Learn how to define, discover and strategically plan for any existing legacy products on your assembly line to improve your profit potential.
As an original equipment manufacturer (OEM), addressing the issues of your legacy products is critical to protecting your hard-won profits.
How do you know when you’ve got a legacy product on your production line? How do you know when it’s time to categorically define a product as nearing obsolescence?
Legacy products hover in that vague production middle ground, between active products and retired ones that require no further resources. A legacy product is one that’s no longer under active promotion, but has yet to be fully retired. Legacy products are found in the decline stage of the product lifecycle, after they’ve grown, peaked and experienced their full maturity.
The following six points guide you through defining what a legacy product is and the steps you need to take to ensure you’re still reaping profits without dedicating too many valuable resources to this product.
- Product Sales Are On The Decline
You know a product is nearing legacy status when there’s a consistent decline in sales over a significant period of time. When you start wishing you weren’t manufacturing that product anymore – and instead wish to focus your efforts and company resources on other important manufacturing areas – you’ve got a legacy product.
- Product Gross Margins Are Shrinking
A product may be nearing the legacy phase when, even though sales haven’t taken a dramatic dip, the production costs increase every year. Spending more and more on manufacturing, labor, global resourcing and other resources shrinks the overall gross margin of your product, making it a classic legacy product.
- The Product Is Still Installed At End-User Facilities
Even if you have a product that’s reaching the final stage of its product lifecycle, it may not be time to abandon it. When you have a legacy product that is still being used by key clients, it’s time to look for a cost-effective way to continue manufacturing the legacy product.

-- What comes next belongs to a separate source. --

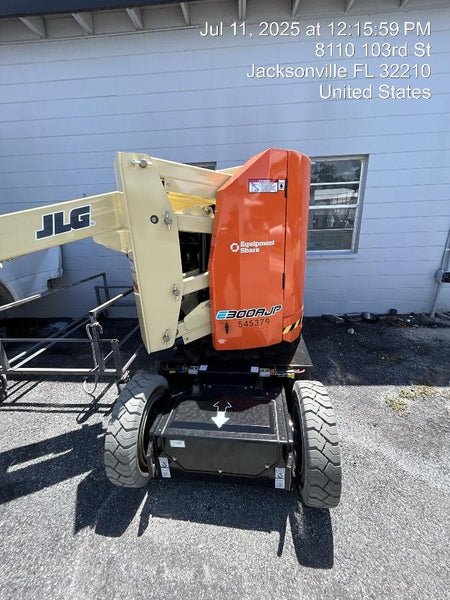 2025 JLG E300AJP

- People Prefer The Legacy Product Over New Products
Although you might have a product showing significant signs of obsolescence, it may still generate strong interest from certain longstanding customers who prefer it to newer product versions. This product is still considered a legacy product, but one you should continue to manufacture through new, cost-saving strategies.
- The Product Absorbs Too Many Key Assets
Key assets, such as floor space, capital equipment and personnel, are all valuable resources for your manufacturing facility. If you realize a product has entered the decline phase of the product lifecycle, this legacy product shouldn’t be taking up the same (or more) key assets as a current product that’s gaining in market share and profitability.
- Product Parts Are Obsolete Or Nearing Obsolescence
Legacy products often require your team to re-engineer the product around an obsolete component satisfying customer demand (which may still be going strong). Or, a legacy product line might force your supply chain managers to search for a manufacturer of replacement parts. (This component obsolescence scenario is especially common with electronics.)
When it comes to any existing legacy products, you need to know when committing resources to perpetuity makes sense and when it’s better to put the product out to pasture.
Continuing to profit from your legacy products requires strategic action to extend their product lifecycle.